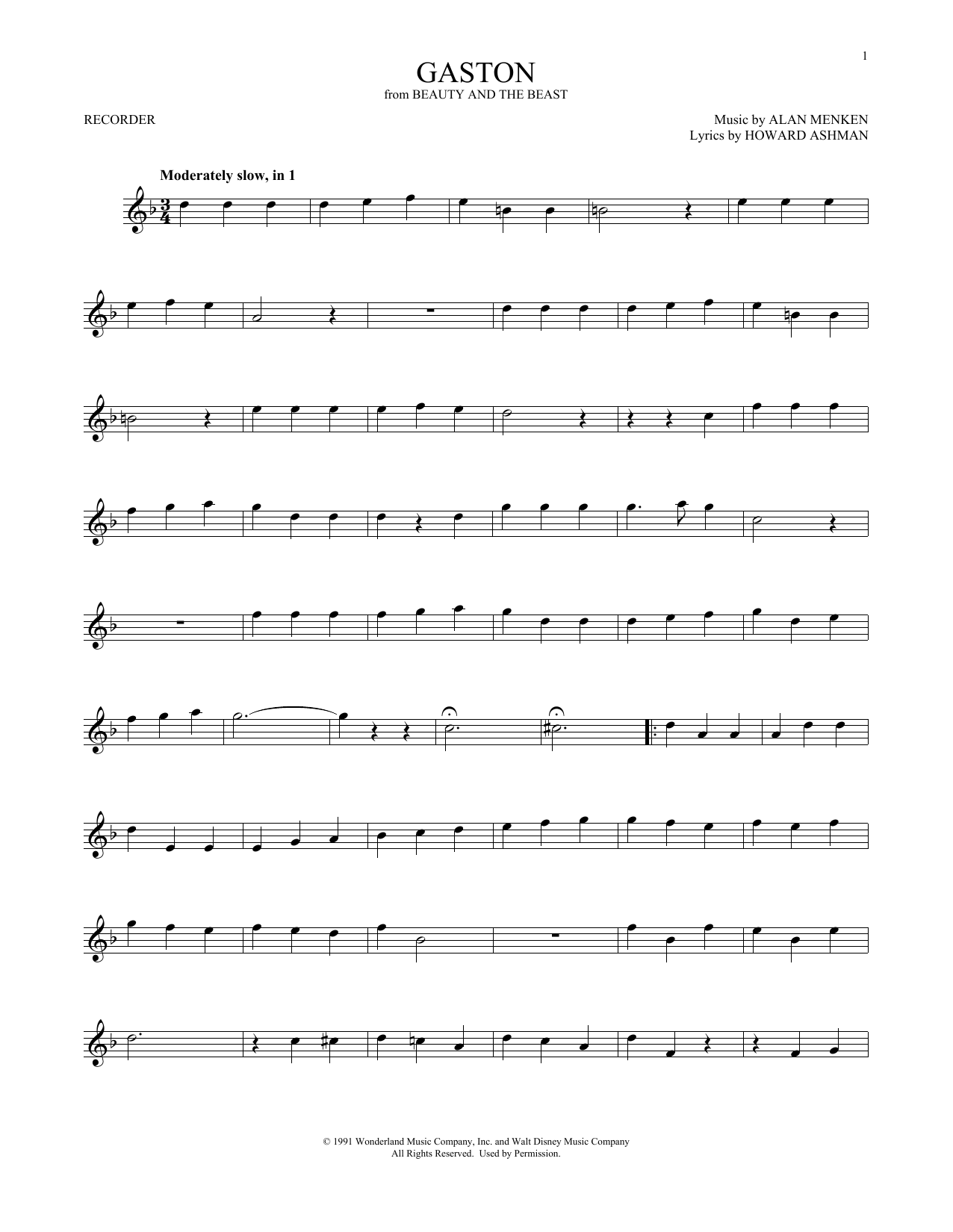 Gaston (from Beauty And The Beast) sheet music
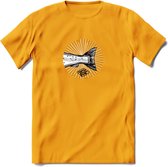 Fishing Tail - Vissen T-Shirt | Grappig Verjaardag Vis Hobby Cadeau Shirt | Dames - Heren - Unisex | Tshirt Hengelsport Kleding Kado - Geel - XXL
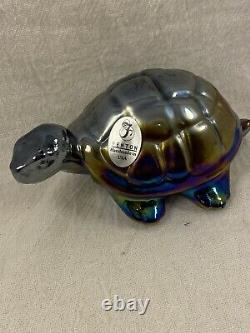 FENTON Turtle Figurine Amethyst Carnival Glass Iridescent Rainbow Fenton Sticker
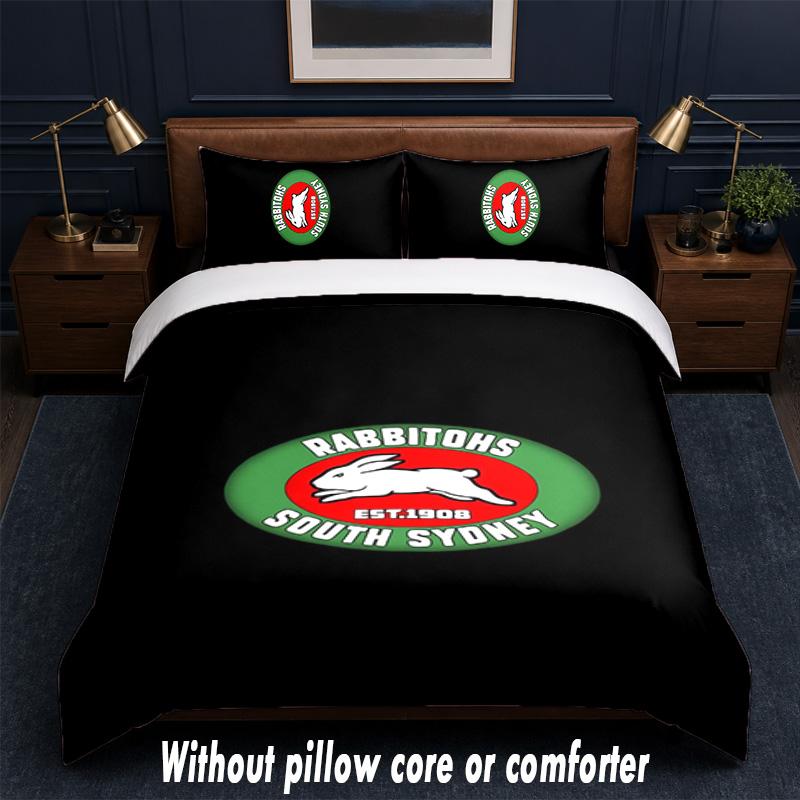 South Sydney Rabbitohs Design Set Biancheria da Letto 1 Copripiumino + 2 Federe Morbido Traspirante Biancheria da Letto per la Casa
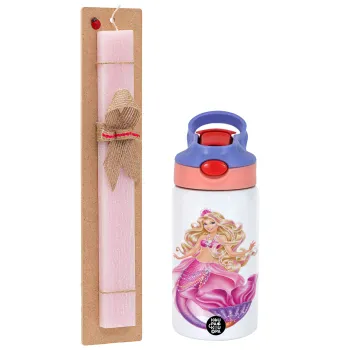Barbie mermaid blue, Easter Set, Children's thermal stainless steel water bottle with safety straw, pink/purple (350ml) & Easter scented flat candle (30cm) (PINK)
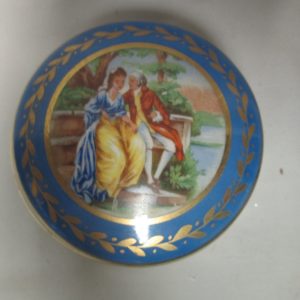 Antique French Trinket Box Lidded round with Victorian Scene Blue with gold trim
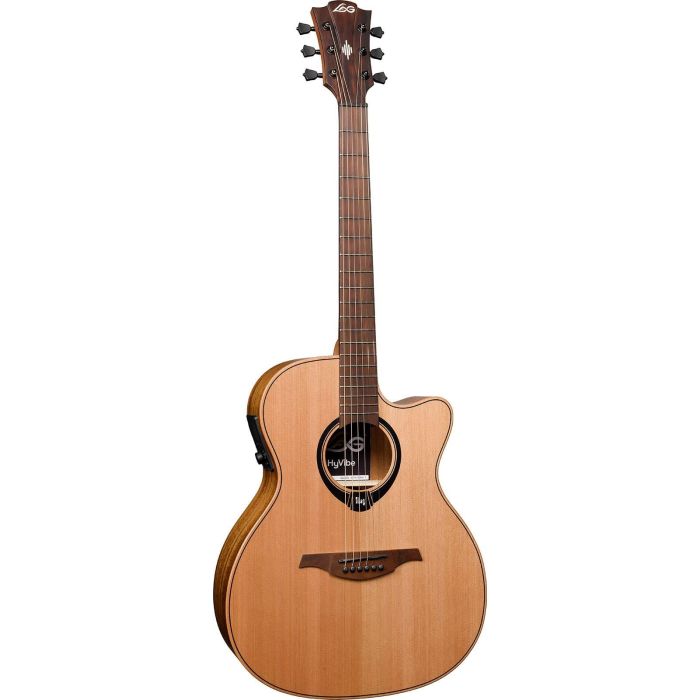 LAG Guitarra Acústica Hyvibe H2 Auditorium Electroacústica Cutaway Tapa Maciza Cedro 2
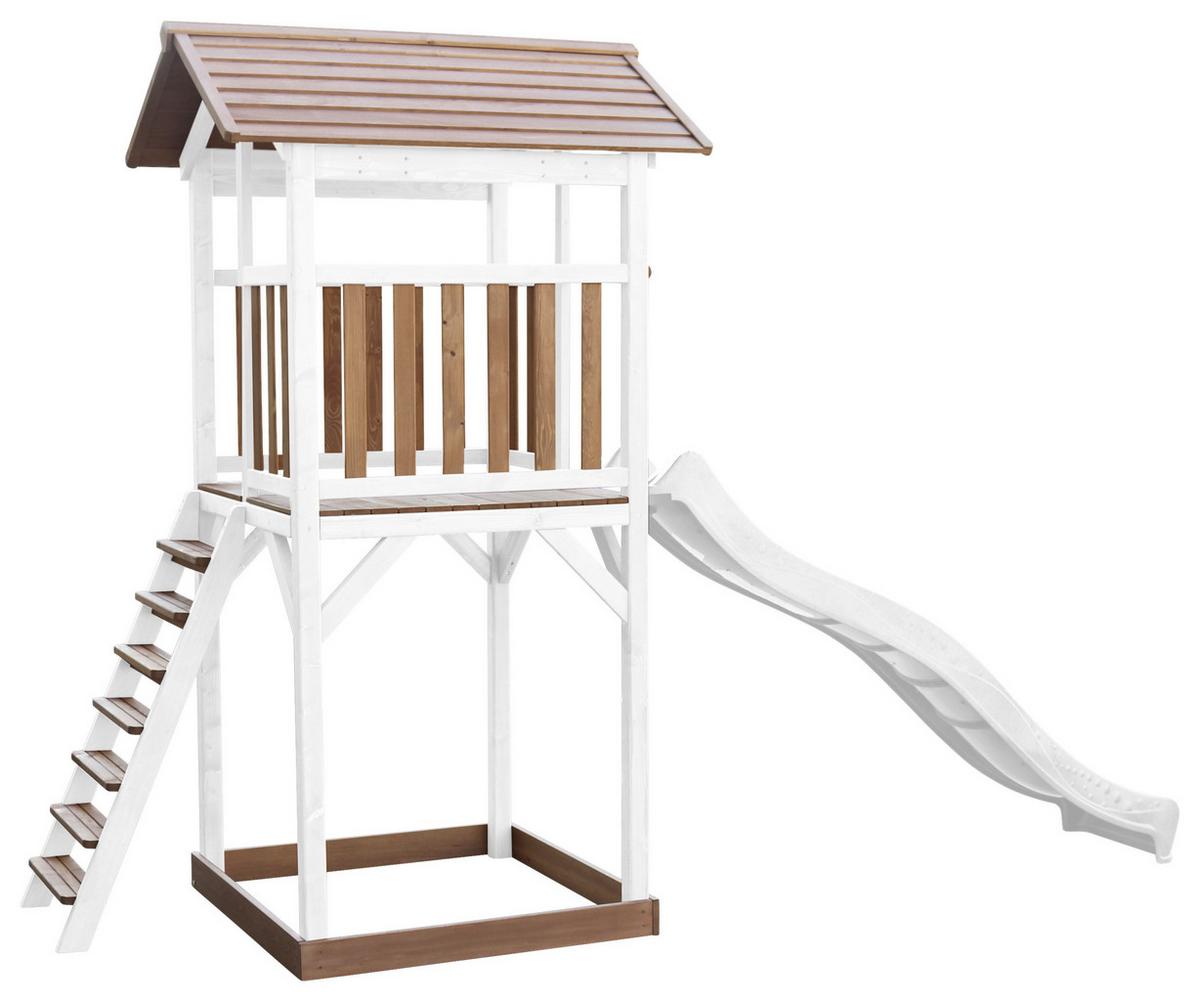 Spielturm A025.120.91 - Braun/Weiß, KONVENTIONELL, Holz/Kunststoff (111,2/241,9/349cm) - Ambia Garden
______________________________
Task instructions >> When you reach the line that contains "LAG Guitarra Acústica" in the records above, copy it and every line after it exactly through the last one, leaving out the pictures.

Final answer >>
 LAG Guitarra Acústica Hyvibe H2 Auditorium Electroacústica Cutaway Tapa Maciza Cedro 2
 Spielturm A025.120.91 - Braun/Weiß, KONVENTIONELL, Holz/Kunststoff (111,2/241,9/349cm) - Ambia Garden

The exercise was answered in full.